Kitabın son yarısı ise bir fantastik hikâyenin son kitabına kadar ne beklediysek onu veriyor. Okuması zevkli bir savaş kurgusu, can acıtıcı kayıplar, bazı fedakarlıklar ve zekice örülmüş bir final örgüsü. Yani son yarı da ilk yarı gibi okuması keyifli, zor nefes aldıran ve bir hamlede biten keyif verici bir hikâyeydi.

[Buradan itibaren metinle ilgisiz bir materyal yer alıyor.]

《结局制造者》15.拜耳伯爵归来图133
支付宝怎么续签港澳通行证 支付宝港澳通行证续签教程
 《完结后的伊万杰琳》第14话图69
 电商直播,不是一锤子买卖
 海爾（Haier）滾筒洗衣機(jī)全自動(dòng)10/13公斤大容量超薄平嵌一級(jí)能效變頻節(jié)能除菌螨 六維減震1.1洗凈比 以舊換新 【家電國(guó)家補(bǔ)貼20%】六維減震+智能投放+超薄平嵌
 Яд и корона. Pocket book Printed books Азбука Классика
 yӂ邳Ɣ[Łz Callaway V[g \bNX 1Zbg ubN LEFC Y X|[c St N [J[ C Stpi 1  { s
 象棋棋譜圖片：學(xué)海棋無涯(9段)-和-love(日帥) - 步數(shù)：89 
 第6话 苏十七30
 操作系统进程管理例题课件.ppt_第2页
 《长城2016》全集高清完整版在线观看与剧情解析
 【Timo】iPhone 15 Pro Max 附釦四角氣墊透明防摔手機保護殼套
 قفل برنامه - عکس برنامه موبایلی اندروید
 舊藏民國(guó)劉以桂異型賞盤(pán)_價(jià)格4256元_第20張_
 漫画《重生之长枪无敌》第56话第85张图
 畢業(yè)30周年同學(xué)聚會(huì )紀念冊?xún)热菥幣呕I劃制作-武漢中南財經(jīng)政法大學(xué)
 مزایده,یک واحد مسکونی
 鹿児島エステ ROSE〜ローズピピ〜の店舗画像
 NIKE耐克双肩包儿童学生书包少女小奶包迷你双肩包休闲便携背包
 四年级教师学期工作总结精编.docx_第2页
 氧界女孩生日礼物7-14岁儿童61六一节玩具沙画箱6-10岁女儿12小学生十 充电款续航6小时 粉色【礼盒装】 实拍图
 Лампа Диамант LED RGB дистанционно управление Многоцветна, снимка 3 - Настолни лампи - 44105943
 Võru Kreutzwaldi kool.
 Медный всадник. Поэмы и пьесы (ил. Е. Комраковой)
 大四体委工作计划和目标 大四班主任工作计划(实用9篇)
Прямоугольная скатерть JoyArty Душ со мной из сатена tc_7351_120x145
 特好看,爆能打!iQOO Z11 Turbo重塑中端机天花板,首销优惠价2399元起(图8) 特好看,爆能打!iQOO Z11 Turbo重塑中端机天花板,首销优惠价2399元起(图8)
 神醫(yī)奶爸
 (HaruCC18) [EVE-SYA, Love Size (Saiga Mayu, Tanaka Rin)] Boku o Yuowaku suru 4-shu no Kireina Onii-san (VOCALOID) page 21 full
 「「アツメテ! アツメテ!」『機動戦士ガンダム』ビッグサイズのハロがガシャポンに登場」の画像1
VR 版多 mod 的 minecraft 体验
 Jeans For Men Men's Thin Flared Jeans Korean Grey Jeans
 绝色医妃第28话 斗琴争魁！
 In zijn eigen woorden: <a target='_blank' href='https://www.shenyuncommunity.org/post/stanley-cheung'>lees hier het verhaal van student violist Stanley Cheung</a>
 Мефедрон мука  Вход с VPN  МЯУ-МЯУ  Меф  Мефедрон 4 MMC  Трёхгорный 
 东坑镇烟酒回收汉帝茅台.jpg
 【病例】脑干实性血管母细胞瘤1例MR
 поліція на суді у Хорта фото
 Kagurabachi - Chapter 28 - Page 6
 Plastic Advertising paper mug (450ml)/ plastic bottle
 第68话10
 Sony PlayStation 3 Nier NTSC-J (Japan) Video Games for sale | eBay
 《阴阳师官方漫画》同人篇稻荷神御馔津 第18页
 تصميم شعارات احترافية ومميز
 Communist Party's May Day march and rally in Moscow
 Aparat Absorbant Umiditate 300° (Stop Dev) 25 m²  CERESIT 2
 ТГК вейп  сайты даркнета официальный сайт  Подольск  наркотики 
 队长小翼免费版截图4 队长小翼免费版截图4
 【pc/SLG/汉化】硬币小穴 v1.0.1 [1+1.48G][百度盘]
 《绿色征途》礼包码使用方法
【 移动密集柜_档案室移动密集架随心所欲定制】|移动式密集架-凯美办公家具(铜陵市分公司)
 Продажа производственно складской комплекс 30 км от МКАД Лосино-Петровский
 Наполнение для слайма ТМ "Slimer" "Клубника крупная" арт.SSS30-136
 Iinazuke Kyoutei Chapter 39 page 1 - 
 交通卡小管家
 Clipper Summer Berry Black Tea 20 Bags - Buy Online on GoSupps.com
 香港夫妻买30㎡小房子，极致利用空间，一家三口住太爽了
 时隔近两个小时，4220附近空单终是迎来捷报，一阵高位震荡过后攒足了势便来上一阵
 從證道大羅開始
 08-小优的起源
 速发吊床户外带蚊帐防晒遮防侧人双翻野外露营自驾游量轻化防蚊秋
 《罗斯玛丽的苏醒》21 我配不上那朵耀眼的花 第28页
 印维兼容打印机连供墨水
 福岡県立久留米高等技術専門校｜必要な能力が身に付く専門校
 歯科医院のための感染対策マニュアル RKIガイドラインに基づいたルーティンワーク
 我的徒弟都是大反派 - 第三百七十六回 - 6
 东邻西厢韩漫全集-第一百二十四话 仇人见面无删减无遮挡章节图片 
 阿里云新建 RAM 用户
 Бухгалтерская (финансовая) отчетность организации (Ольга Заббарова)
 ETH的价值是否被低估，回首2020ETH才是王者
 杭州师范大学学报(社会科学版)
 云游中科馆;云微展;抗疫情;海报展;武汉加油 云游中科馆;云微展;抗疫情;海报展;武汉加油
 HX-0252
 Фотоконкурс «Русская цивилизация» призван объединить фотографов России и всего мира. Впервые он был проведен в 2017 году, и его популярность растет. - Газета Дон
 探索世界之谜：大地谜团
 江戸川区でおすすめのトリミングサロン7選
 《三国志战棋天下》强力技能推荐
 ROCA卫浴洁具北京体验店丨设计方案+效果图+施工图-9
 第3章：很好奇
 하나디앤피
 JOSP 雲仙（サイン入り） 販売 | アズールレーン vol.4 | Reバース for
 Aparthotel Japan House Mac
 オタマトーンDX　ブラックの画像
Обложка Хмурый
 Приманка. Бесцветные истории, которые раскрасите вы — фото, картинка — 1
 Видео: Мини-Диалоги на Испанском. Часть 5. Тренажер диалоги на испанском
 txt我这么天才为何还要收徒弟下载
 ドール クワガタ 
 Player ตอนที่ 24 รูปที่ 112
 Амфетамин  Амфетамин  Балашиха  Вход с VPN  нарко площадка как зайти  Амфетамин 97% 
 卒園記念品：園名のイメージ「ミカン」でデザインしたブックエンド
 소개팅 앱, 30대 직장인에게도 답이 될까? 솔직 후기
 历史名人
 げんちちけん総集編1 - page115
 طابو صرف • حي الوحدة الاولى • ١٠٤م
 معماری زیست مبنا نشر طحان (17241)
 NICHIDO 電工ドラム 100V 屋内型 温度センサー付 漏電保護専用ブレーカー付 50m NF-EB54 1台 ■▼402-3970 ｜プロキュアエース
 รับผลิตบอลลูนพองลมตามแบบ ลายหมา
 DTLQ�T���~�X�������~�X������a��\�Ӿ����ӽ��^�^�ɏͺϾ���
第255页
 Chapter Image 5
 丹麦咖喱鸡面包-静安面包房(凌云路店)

Ne desem nasıl övsem yine bir şekilde harikaydı diyerek geçiştirecekmiş gibi hissediyorum o yüzden artık yorumu burada kesip veda edeceğim seriye.Karakterleri, olay örgüsü, büyük finale kadar süregelen olaylar silsilesi ile bir fantastik seriden almak istediğiniz bütün keyfi veriyor Cam Şato Serisi. Son kitap olan Kül Krallığı da tabi.
Canı gönülden önerdiğim, keşke unutsam da yeniden okusam dediğim nadide serilerden.